#### INFORMATION PROVIDED ####

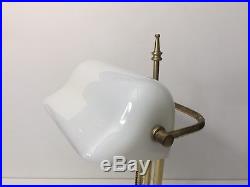 Vintage Brass Bankers Desk Lamp withMilk White Glass Shade and Marble Base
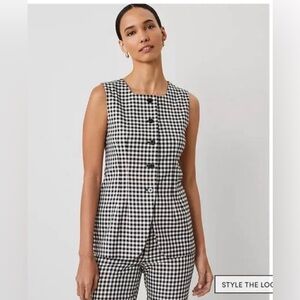 Ann Taylor Black and White Checkered Gingham Vest
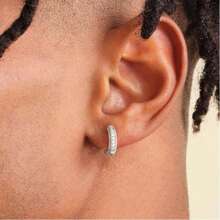 冰晶圆环耳环 方晶锆石 耳钉 软骨袖口 防过敏 14K 镀金 奢华时尚圆形耳环 男女皆宜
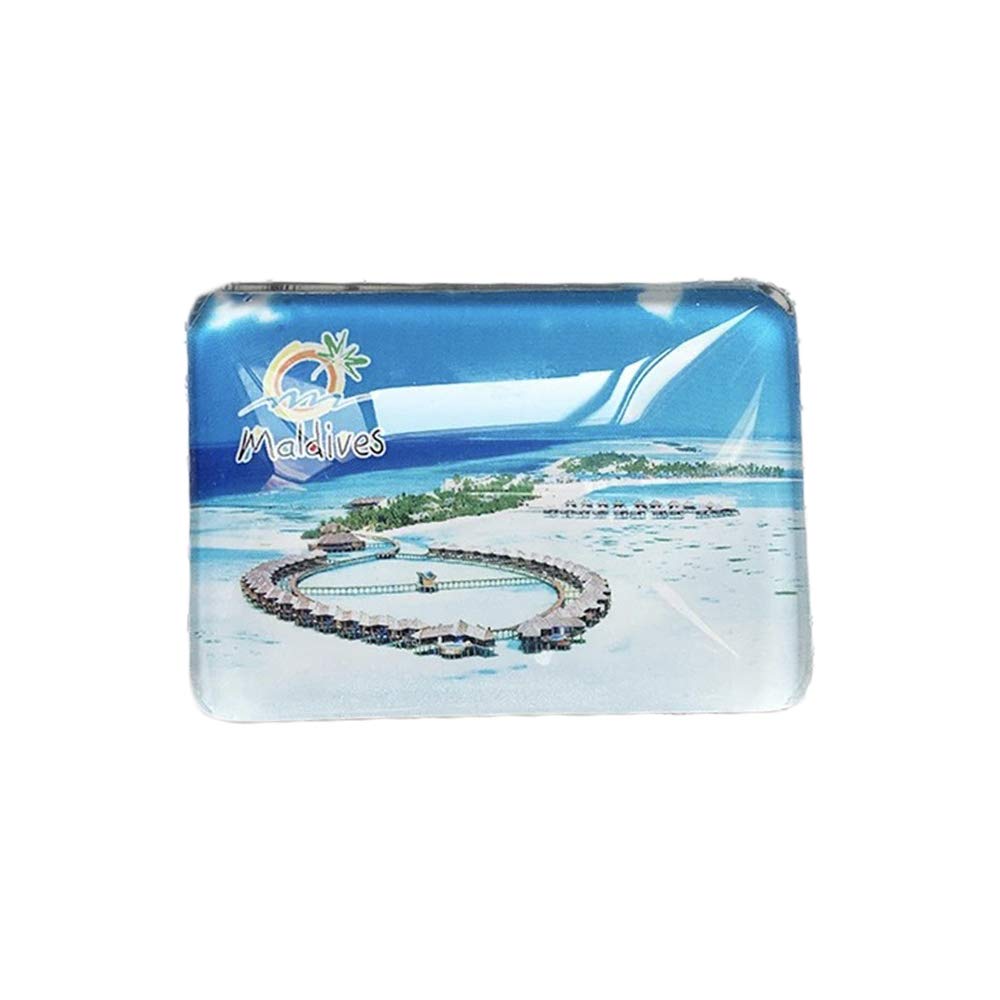Wedarego Maldives 3D Refrigerator Fridge Magnet Crystal Glass Handmade Tourist Travel Souvenir Collection Gift Whiteboard Magnetic Sticker Home Decoration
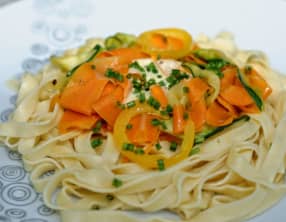 Tagliatelles de légumes à la carbonara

####

▶ [WHAT YOU WILL DO]:
Omit the pictures and give the material again, exactly and in full.

▶ [ANSWER SPACE]:
 Vintage Brass Bankers Desk Lamp withMilk White Glass Shade and Marble Base
 Ann Taylor Black and White Checkered Gingham Vest
 冰晶圆环耳环 方晶锆石 耳钉 软骨袖口 防过敏 14K 镀金 奢华时尚圆形耳环 男女皆宜
Wedarego Maldives 3D Refrigerator Fridge Magnet Crystal Glass Handmade Tourist Travel Souvenir Collection Gift Whiteboard Magnetic Sticker Home Decoration
 Tagliatelles de légumes à la carbonara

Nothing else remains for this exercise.